I’m pathetic, I know. I’m not even thirty and I’m just too tired for most things. Most humans I think reach the classic, “F*ck it” point when they hit retirement. For the moment, I’m already there. For the longest time, there were so many rules for everything. I wouldn’t go to bed unless everything was in its place, my homework was caught up, my social networking was caught up and errands run.

Now, my only real motivation to keep things nice and orderly on a daily basis is my husband. It’s unfortunate because it all conflicts. On one hand I have my need for freedom to let things go, not to be stressed out about the small stuff and give myself a break. Tell myself it’s okay if I don’t do laundry until the weekend or if I forget to brush my teeth before bed, not to get out of bed at midnight and brush them. It is hard working full-time and being a home maker. One the other hand, I desperately want to be a good wife. I want to create as little stress as possible for my husband, who is dealing with so much military stuff it’s a wonder he is given enough time off to sleep in his own bed, much less carry on a conversation with his wife.

And yet, since even if I was in my time management efficiency mode I know I couldn’t do everything, much less begin to ponder the idea of having a hobby. Regardless, I have basic things to do before work, which sadly won’t be enough to relieve stress from my husband when he gets home. It’s not like saying I didn’t get home until six thirty really works as an excuse for a military man. ;)

Monday, June 16, 2008

Why the bandwagon idea only works in advertising...

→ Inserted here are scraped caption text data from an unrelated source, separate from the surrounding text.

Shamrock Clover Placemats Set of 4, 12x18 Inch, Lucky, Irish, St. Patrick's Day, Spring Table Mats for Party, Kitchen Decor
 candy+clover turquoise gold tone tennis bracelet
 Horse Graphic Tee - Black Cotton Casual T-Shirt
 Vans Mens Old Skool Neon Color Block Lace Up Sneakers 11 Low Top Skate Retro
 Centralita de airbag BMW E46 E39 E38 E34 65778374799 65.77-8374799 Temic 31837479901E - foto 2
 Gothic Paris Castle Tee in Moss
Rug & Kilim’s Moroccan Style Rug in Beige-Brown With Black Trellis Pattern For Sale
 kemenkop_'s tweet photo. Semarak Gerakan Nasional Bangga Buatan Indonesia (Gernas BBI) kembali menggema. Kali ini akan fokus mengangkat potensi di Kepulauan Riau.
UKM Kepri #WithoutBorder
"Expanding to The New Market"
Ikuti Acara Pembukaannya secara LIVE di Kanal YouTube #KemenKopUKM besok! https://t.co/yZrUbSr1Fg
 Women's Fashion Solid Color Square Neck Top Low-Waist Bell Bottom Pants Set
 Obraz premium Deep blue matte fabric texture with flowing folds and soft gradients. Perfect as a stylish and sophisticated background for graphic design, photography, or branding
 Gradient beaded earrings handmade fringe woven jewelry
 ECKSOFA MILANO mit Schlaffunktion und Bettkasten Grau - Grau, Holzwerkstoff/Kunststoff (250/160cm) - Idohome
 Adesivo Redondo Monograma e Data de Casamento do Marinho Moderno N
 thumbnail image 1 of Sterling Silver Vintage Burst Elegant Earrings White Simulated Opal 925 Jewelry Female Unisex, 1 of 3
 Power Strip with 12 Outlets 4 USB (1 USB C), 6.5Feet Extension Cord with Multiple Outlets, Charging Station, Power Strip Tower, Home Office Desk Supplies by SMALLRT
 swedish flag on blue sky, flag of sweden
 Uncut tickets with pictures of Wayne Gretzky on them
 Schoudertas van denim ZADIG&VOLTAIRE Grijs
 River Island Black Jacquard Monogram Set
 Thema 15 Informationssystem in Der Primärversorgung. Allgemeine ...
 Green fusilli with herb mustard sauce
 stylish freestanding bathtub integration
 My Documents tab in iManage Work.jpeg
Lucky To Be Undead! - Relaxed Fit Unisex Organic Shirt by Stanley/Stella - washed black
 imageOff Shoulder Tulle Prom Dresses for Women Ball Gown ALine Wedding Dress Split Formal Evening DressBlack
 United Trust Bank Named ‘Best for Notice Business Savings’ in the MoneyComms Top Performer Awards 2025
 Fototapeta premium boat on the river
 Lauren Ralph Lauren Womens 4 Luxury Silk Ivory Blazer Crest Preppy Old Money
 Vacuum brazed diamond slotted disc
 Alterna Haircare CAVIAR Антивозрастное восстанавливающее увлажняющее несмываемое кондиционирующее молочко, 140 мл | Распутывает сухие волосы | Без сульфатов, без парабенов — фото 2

Why is it that when I bring up a problem or complain to someone of a higher authority, someone who could actually fix the problem, I am told that I'm not the only one who has brought this up? Why do people think this would make me feel better? If anything, it causes me to question whether I should trust them or believe they are in control of the situation. Maybe I should follow up that comment with a question like, "How many people have talked to you about this?" If the answer is more than ten, I should really worry. But, in my opinion, if it's more than one, then they're not doing their job, or they don't care, in either which case, there is something fishy that lurks there.